Selon Randau, la mort d'Eberhardt est plus proche d'un suicide que d'un simple accident : « Après une pipe de kif, une certaine ivresse nihiliste, mise ou non sur le compte du mektoub, a pu emporter ses dernières forces. »[1]. Elle avait déjà rêvé de s'abandonner à l'eau, influencée peut-être par l'image soufie de dissolution dans l'unité. Dans un état fiévreux quelques années avant, elle visualisait : « Une eau fraîche coulait le long de mon corps et je m'abandonnais voluptueusement à la caresse humide. »[2]. Et dans le paragraphe suivant : « Je m'abandonnais aux visions nombreuses, aux extases lentes du Paradis des Eaux... »[3]. Étrange coïncidence ? D'autant plus que cette vision s'ajoute aux prédictions récurrentes de mort [4]. La mort d'Eberhardt, est-elle un accident avec de drôles de coïncidences, ou un véritable suicide qui profite de l'inondation comme d'un moyen ? Les preuves ne sont pas concluantes. Bien que l'hypothèse du suicide soit favorisée, il faut reconnaître que sa santé était déjà affaiblie, lors de cette inondation qui a fait plus qu'un mort. Et aussi qu'elle n'a jamais tenté le suicide auparavant, même dans les périodes les plus désespérées de sa vie. Cette mort romanesque est emblématique de toute sa vie, dans laquelle elle fait disparaître les limites entre fiction et réalité. Elle raconte souvent deux versions d'un même événement, l'une étant autobiographique, l'autre présentée comme de la fiction ; c'est de l'autofiction.
Notes
[1] Ibid., p. 24.
[2] Sud Oranais, op. cit., p. 242.
[3]Ibid.
[4] Voir, entre autres, « Rachel », dans Rakhil, influencé par la visite d'Eberhardt chez un sorcier (Écrits sur le sable 1, p. 442). En outre, Eberhardt se demande souvent si dans un an, elle sera encore en vie.
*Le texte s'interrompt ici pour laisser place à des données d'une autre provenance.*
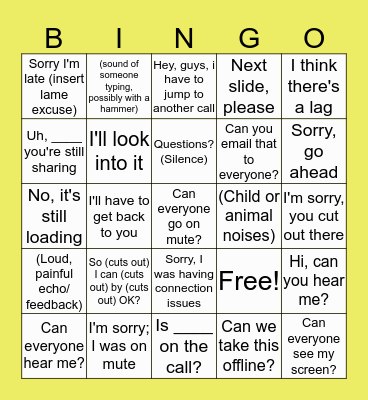 Conference Call BINGO! Bingo Card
En outre, certains protagonistes reviennent dans plusieurs récits, changeant légèrement d'identité. Par exemple : Jacques, l'occidental sympathique qui tombe amoureux d'une femme du pays, est lieutenant dans « Yasmina » ; dans « Tessaadith » il est médecin. Eberhardt utilise même son propre pseudonyme Mahmoud, dans son premier roman Rakhil.
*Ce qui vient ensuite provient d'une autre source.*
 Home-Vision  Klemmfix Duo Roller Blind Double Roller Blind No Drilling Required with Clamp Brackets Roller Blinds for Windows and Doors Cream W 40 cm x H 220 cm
Bien que certains de ses biographes suggèrent qu'Eberhardt joue avec les dénominations du fait qu'elle est privée du nom de son père, son jeu sur les identités paraît plutôt ludique que désespéré [1]. Exemple typique de sa façon de jouer : après son mariage, Eberhardt garde son pseudonyme Mahmoud Saadi, en ajoutant parfois, pour sa correspondance officielle, le titre « Madame » ; elle devient, en quelque sorte, sa propre épouse. Se moque-t-elle ainsi d'une coutume qui fait désigner la femme par le nom de son mari, et qui est en décalage avec son style de vie indépendante ? Élevée anarchiste, et n'ayant pas de respect pour les institutions intrinsèquement cruelles ou indifférentes, Eberhardt s'amuse à embrouiller les autorités avec ses inventions de noms. Qui est-elle ? Impossible de la classer. Quand un groupe de colons écrit à l'administration pour se plaindre des activités « pro-indigènes » d'Isabelle, ils l'appellent « Mme Mahmoud Saadi Eberhardt » !
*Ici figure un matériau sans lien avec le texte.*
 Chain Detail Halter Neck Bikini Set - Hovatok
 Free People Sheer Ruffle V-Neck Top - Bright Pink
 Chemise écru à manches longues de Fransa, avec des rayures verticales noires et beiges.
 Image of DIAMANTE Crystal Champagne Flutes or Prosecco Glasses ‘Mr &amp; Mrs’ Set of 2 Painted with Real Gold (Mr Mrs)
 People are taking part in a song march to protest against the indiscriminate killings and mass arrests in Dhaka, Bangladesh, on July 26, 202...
Son mari, en tout cas, ne paraît pas vexé par ces inventions de noms. Lui-même, lors d'une première rencontre avec Randau, présente Si Mahmoud Saadi, en ajoutant : « C'est là son nom de guerre ; en réalité il s'agit de Mme Ehnni, ma femme. »[2]. Mais Isabelle Eberhardt, est-elle moins Mahmoud Saadi qu'elle n'est Madame Ehnni ? Elle est certainement plus connue sous le nom de Mahmoud Saadi. Eberhardt et Ehnni vivent aux yeux du public comme deux confrères.
Notes
[1] A noter qu’ « Eberhardt » est le nom de jeune fille de la grand-mère d’Isabelle. La mère d’Isabelle, a-t-elle souffert d’être privée du nom du père ? Est-ce pour ça qu’Isabelle donne à sa mère déjà morte le nom du père, nom qu’elle n’a jamais eu de son vivant ? Ou est-ce plutôt pour brouiller les pistes en affirmant son refus de coopérer avec une administration rigide et déshumanisante ?
[2] Notes et souvenirs, op. cit., p. 64.